# Planning 79 GMC Van Conversion...



## Guest (Oct 28, 2010)

Awwww, heck your budget may not even get enough batteries for your needs. I assume you need the distance at more than 30 mph. It is quite possible but will be expensive. Even used parts and such. Mostly the batteries will be the worst expense. If your Van is a rust bucket don't bother. Be sure it is in excellent condition. Hope it's not another converted junker. Too many of those already. Might try something smaller like a VW Bug in good condition. Might try a Honda Civic S. Those sporty little cars just beg to be electric. Look good too. Not a Tesla but well in the affordable range of most folks. Just think about why you want such a large vehicle for your first conversion. 

Pete


----------



## Guest (Oct 28, 2010)

Is your VAN something you REALLY want? Is it really practical? Are you looking for practical?


----------



## The Toecutter (May 30, 2010)

Costco sells a 220AH 6V flooded lead acid battery that is somewhat comparable to a Trojan T105; it is not a very robust battery, so it may give you some operating cost issues(< 3 years life), but at under $80/each, you could get your van on the road with the range that you want(@ 35 mph) with about $3,000 worth of them.

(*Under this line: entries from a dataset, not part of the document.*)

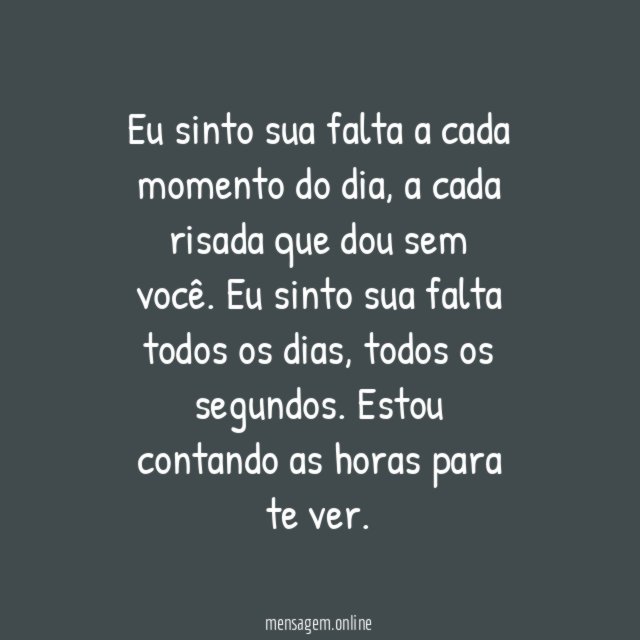 Sinto sua falta todos os dias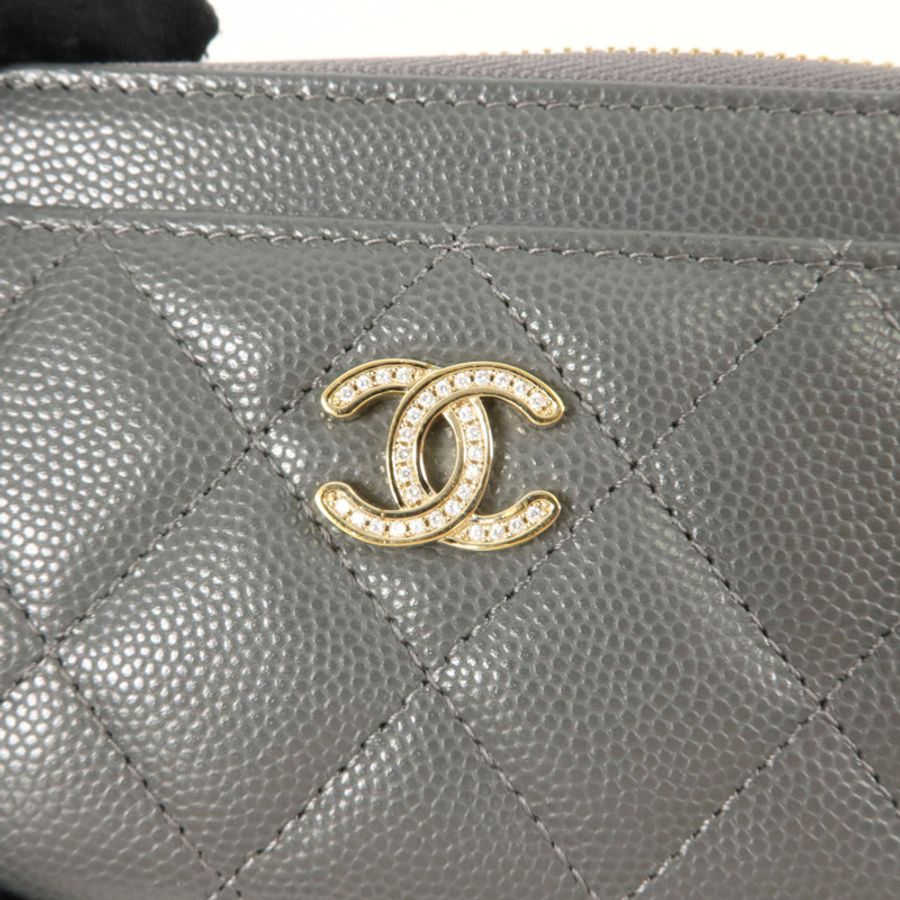 CHANEL 牛皮皮革CC Logo Zipper Wallet錢包-8
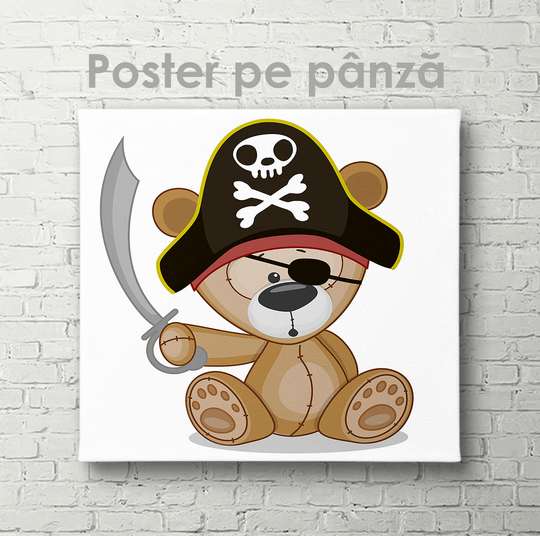 Постер - Мишка пират, 40 x 40 см, Холст на подрамнике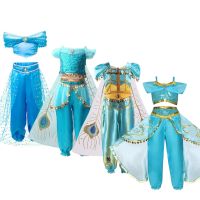 【jeansame dress】สาวจัสมินชุดเด็ก Aladdin อาหรับเจ้าหญิงเครื่องแต่งกายเด็กสาวคริสต์มาสปาร์ตี้วันเกิดเครื่องแต่งกายเด็กชุดฤดูร้อน3 10ปี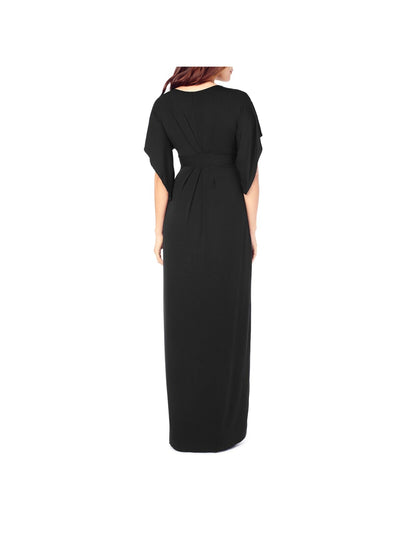 INGRID & ISABEL Womens Black Stretch Elbow Sleeve V Neck Maxi Shift Dress XS
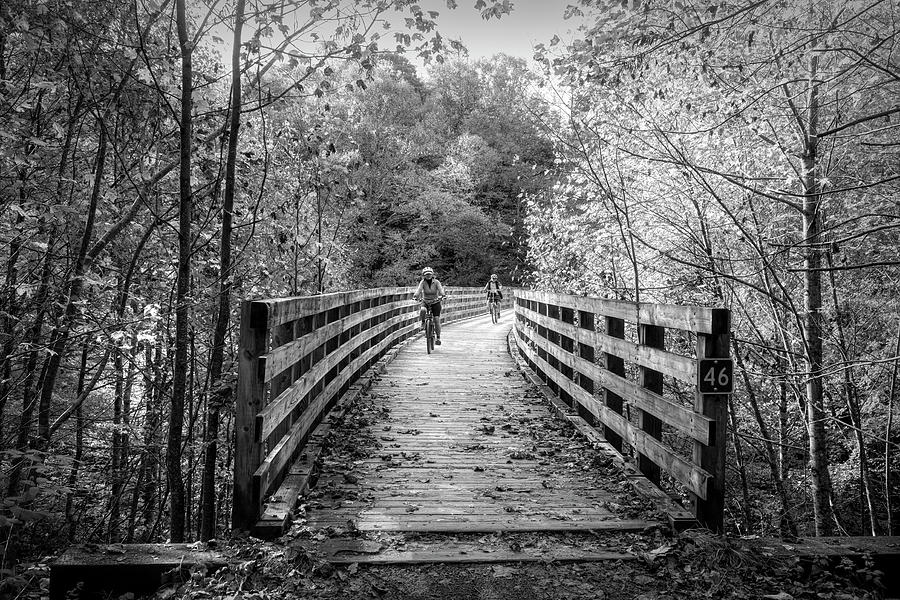 Riding the Creeper Trail in Autumn Damascus Virginia Black and W Photograph by Debra and Dave Vanderlaan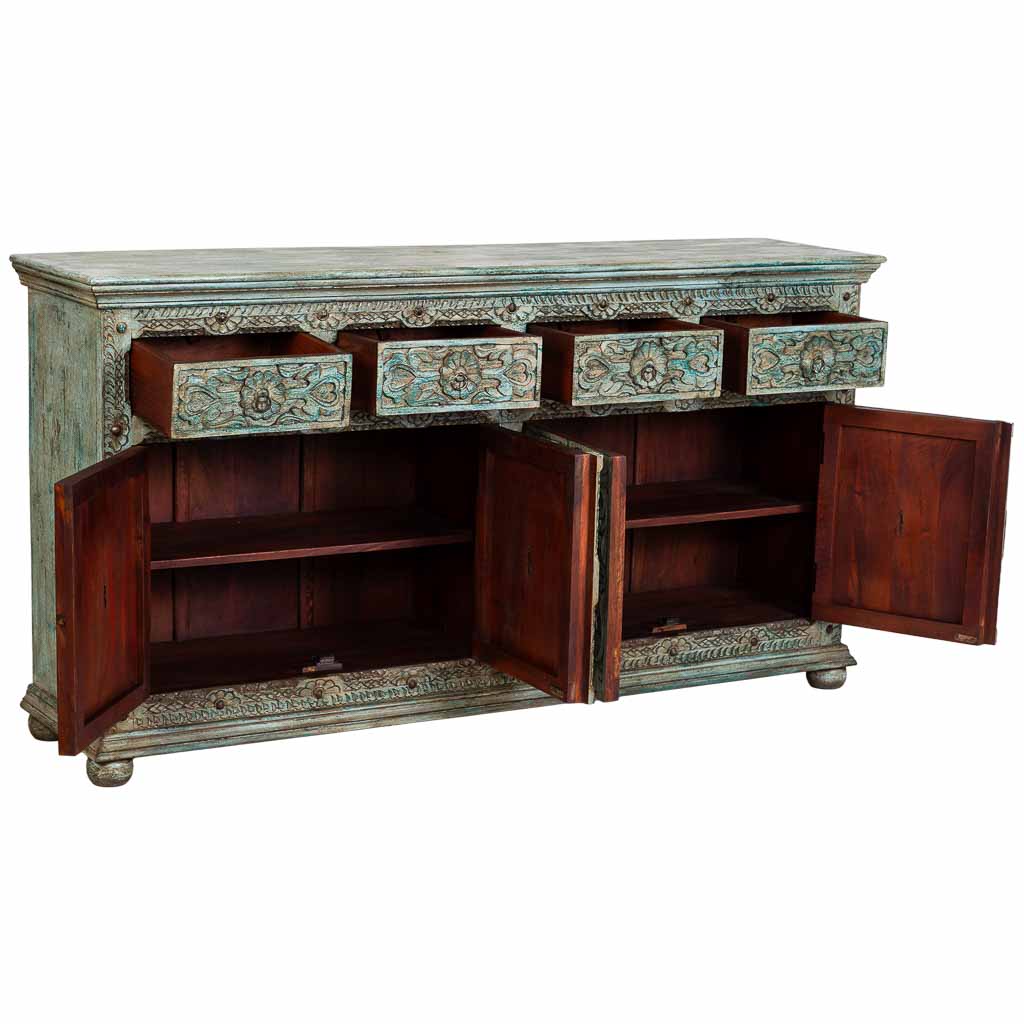 APARADOR DALIAN AQUA GREEN CARVED ARTESANAL image 1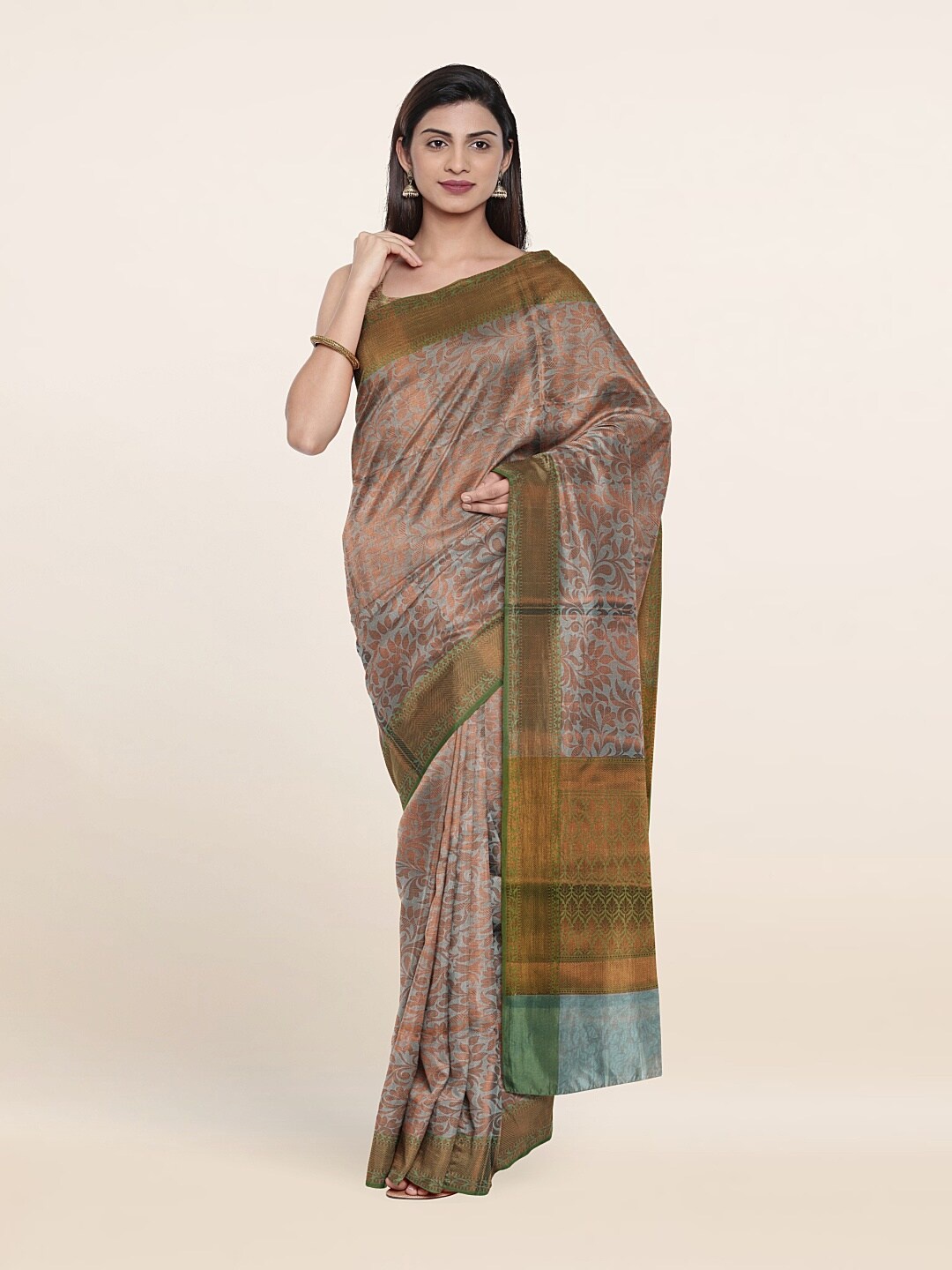 

Pothys Women Grey & Copper Woven Design Zari Art Silk Saree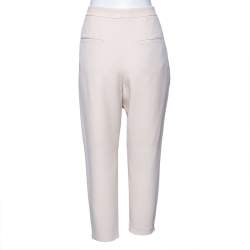 Pre Owned Brunello Cucinelli Beige Silk Crepe Pants M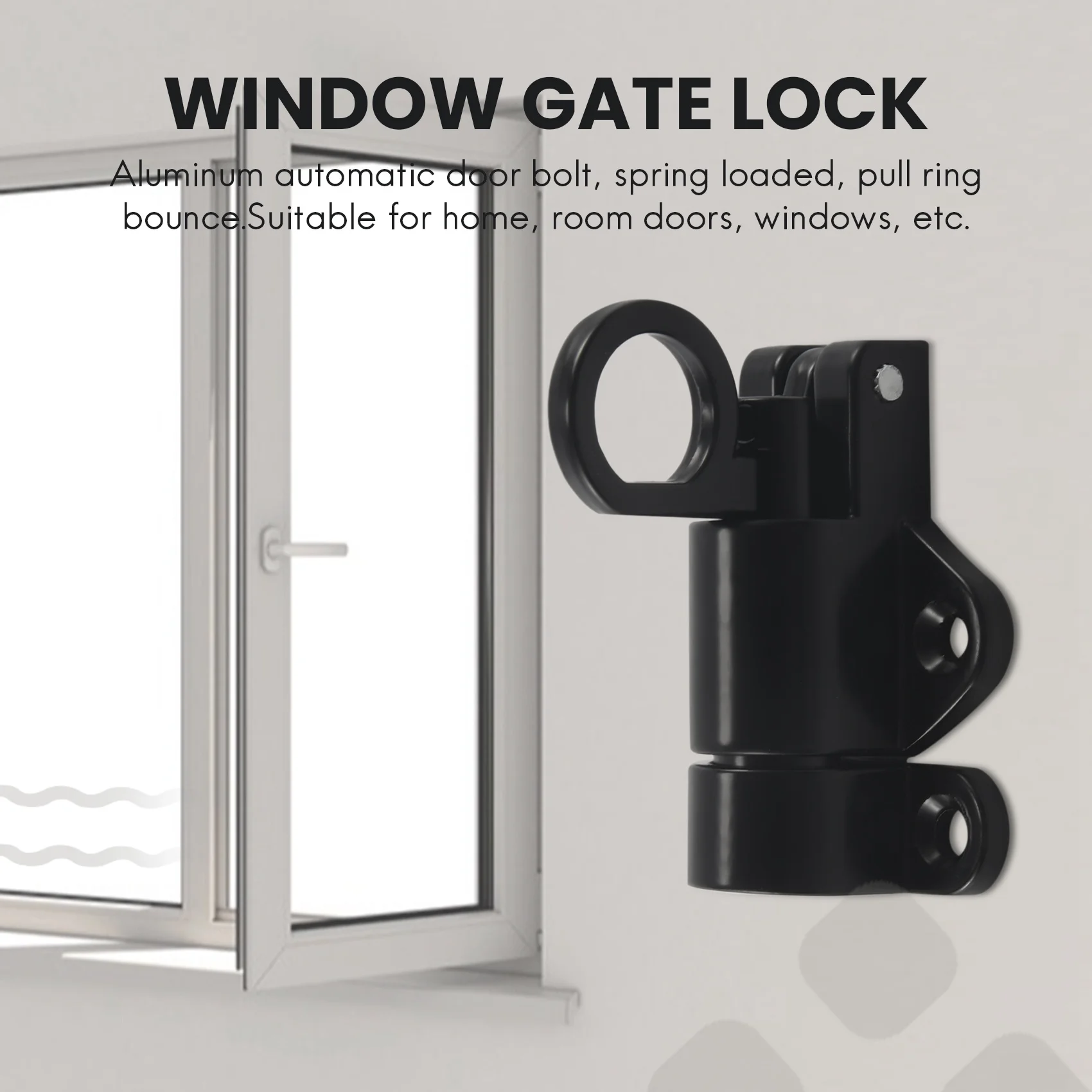 A01E-Aluminum Alloy Security Automatic Window Gate Lock Spring Bounce Door Bolt Latch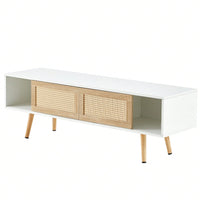 55.12" Rattan TV Cabinet With Sliding Doors And Adjustable Shelves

Say, two parallel strings of 120V($3200), a home built ReVolt 500A controller or used 120V Curtis controller($600), a used Russco charger($300), and another $800 budgeted for your motor(you want at least a 9" diameter ADC motor, or an 11" diameter forklift motor). Add in another $1,000 for all of your wiring, connectors, DC-DC converter, and other parts and labor(I assume you know how to fabricate and have the tools to fabricate your motor mount, motor couplet, adapter plate, ect.), and your budget is doable. Such a battery pack is going to take up your entire floor, but could be sunk underneath the vehicle to make room; this pack would weigh almost 2500 lbs. Don't forget it will need watering and periodic maintenance of all its connections.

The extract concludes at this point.